(Task brief):
In the records below, the line that contains "Satin Puff Midi Dress" marks the start. Copy it and each line after it through the end, exactly, without pictures.

(Data section):
»»

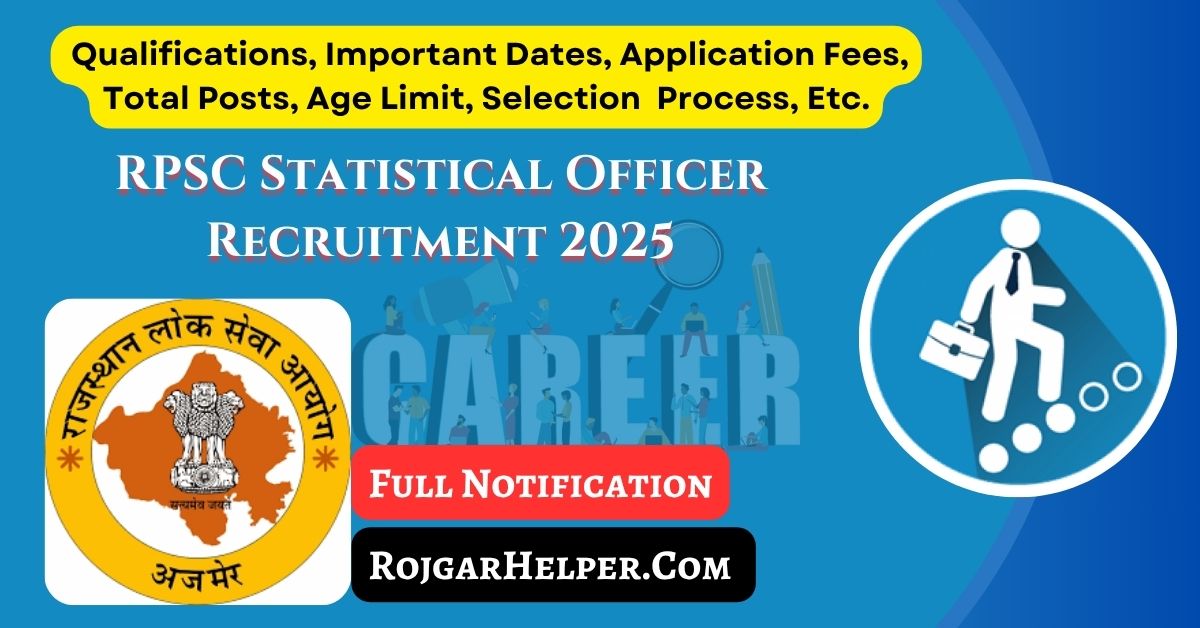 RPSC Statistical Officer Recruitment 2025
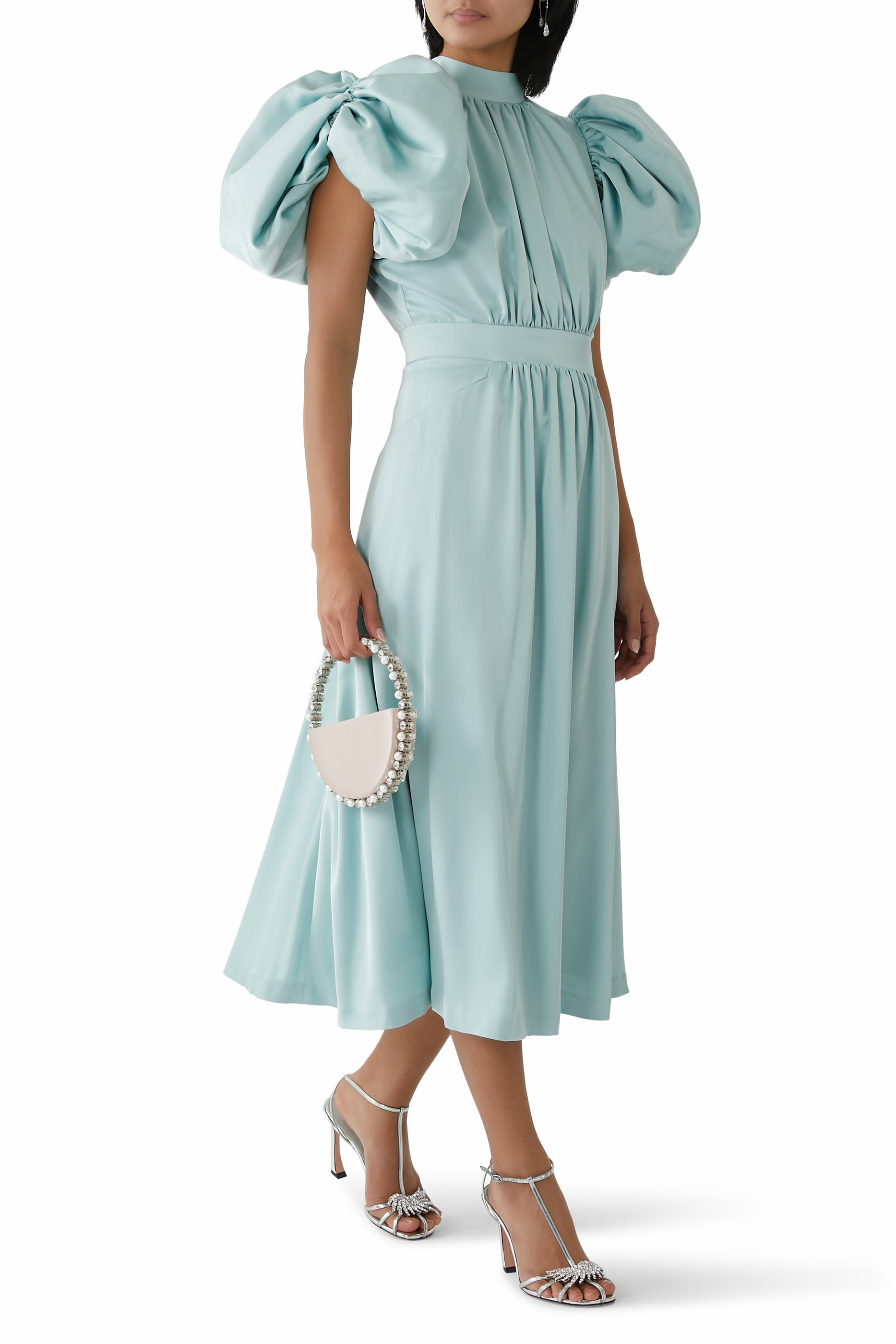 Satin Puff Midi Dress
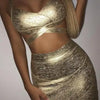 BEAUKEY Quality 2 Piece Set Shinny Metallic Rose Gold Bodycon Top & Skirt  New Mini Short Sexy Party Night Club Set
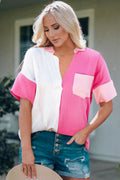Color Block Textured Johnny Collar Blouse-Teresa's Fashionista LLC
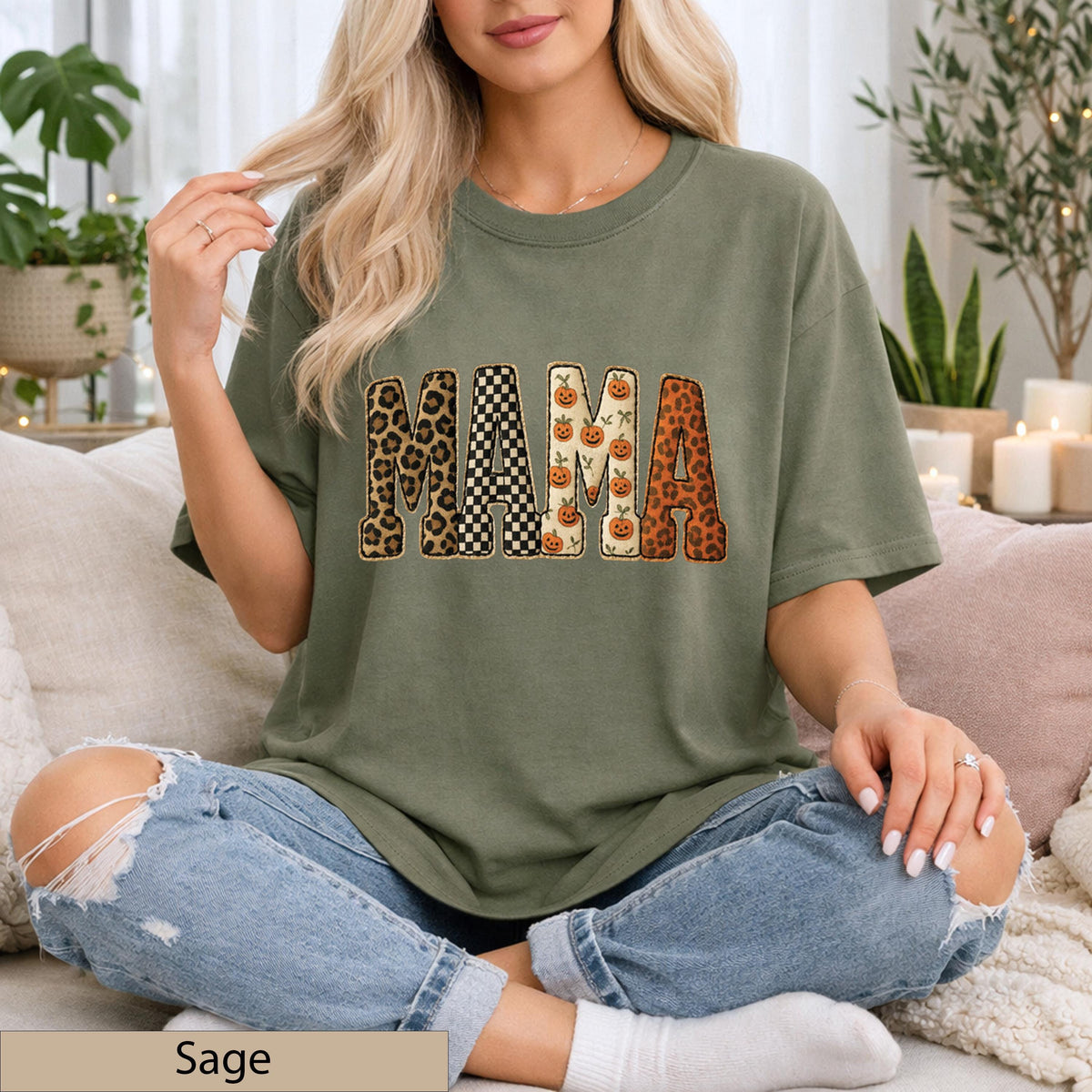 Mama Leopard Pumpkin Halloween Shirt, Trendy Spooky Fall Motherhood Top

««

(Answer space):
 Satin Puff Midi Dress
 BEAUKEY Quality 2 Piece Set Shinny Metallic Rose Gold Bodycon Top & Skirt  New Mini Short Sexy Party Night Club Set
Color Block Textured Johnny Collar Blouse-Teresa's Fashionista LLC
 Mama Leopard Pumpkin Halloween Shirt, Trendy Spooky Fall Motherhood Top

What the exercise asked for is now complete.